HarveySpectre · 07/04/2015 19:41

apocalypse I agree. But I feel 'topic of interest' is putting it lightly. FGM is a massively emotive and very personal/intimate topic. It is a big problem throughout the world. Women have varying degrees of their genetalia sliced off with no anaesthetic and some have their vaginas sewed up tight. So tight that it rips them to have sex and to give birth. This is done to girls from as young as 5 to puberty. Surely these women should be to discuss their experiences in the absence of men. Certainly in the absence of people who have had elective surgery to mutilate their own genitals Angry

ApocalypseThen · 07/04/2015 19:44

I quite agree that FGM is more than a topic of interest but I have read before that it's not the only topic that penised people object to being discussed among vaginaed people without adequate supervision.

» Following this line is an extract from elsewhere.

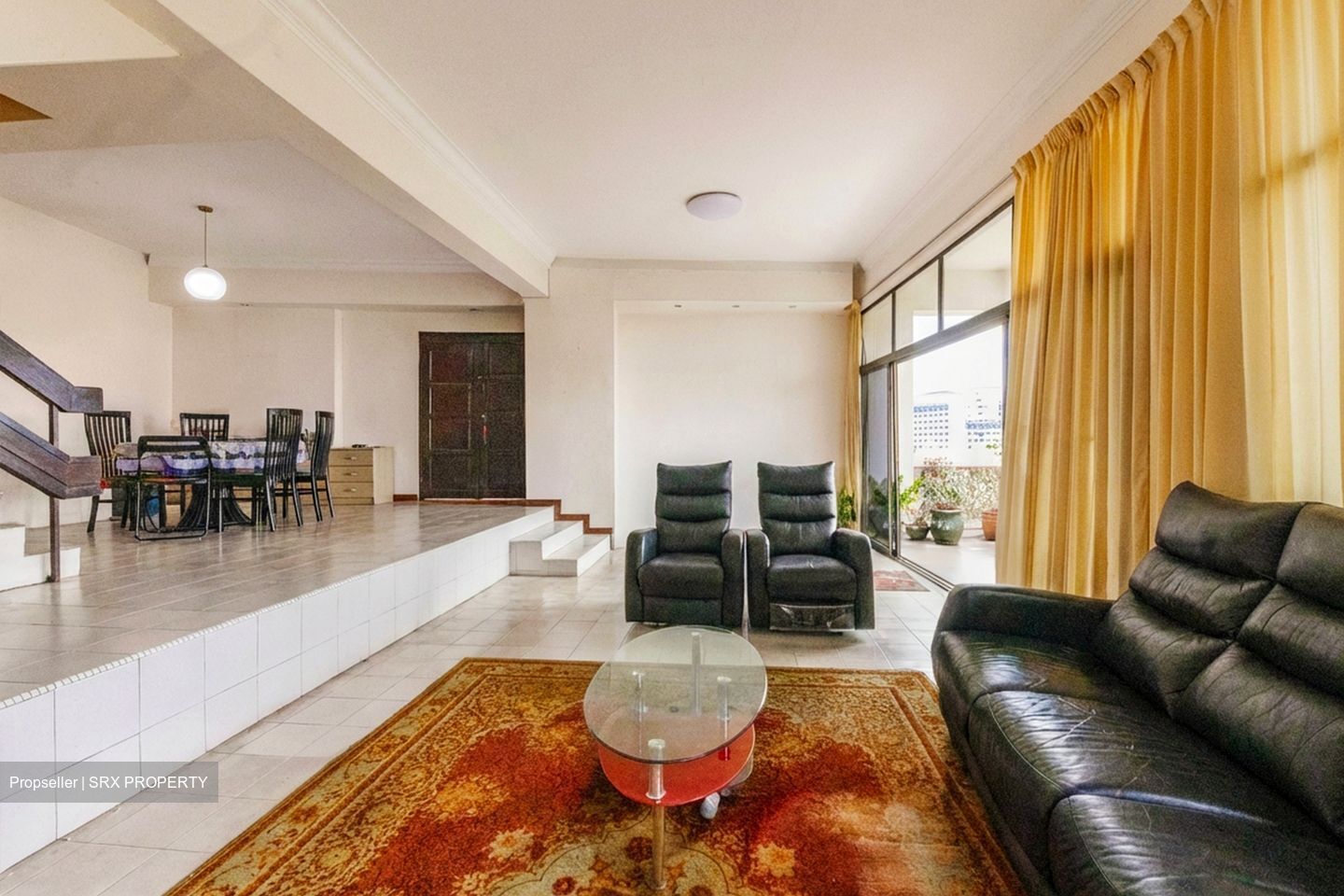 Lakepoint Condominium (D22), Condominium #543800681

HarveySpectre · 07/04/2015 19:45

almond if a person with a penis and testicles is legally recognised as a woman, then indeed prostate cancer because a woman's issue. It has happened. There was a link on another thread, where an Agenda had been extended to include. I will find the link I i can

HarveySpectre · 07/04/2015 19:47

Grin apocalypse

almondcakes · 07/04/2015 19:56

No, Harvey, because women as a group are legally defined as a biological sex.

The government has allowed some males who want to change their gender to do so, but as there is no such legal category as 'gender' for the rest of the population, it has allowed people with a GRC to change what is recorded under sex.

The UK government clearly stated that it it was impossible to change actual biological sex. The definition of biological sex has not changed. It is just that some people have been exempted from having to declare their real biological sex. I understand that there are a whole load of issues with that, but it is not the same thing at all as the far more serious situation of biological sex not being recognised and woman being generally understood as a gender. That would be a massive decline in human rights.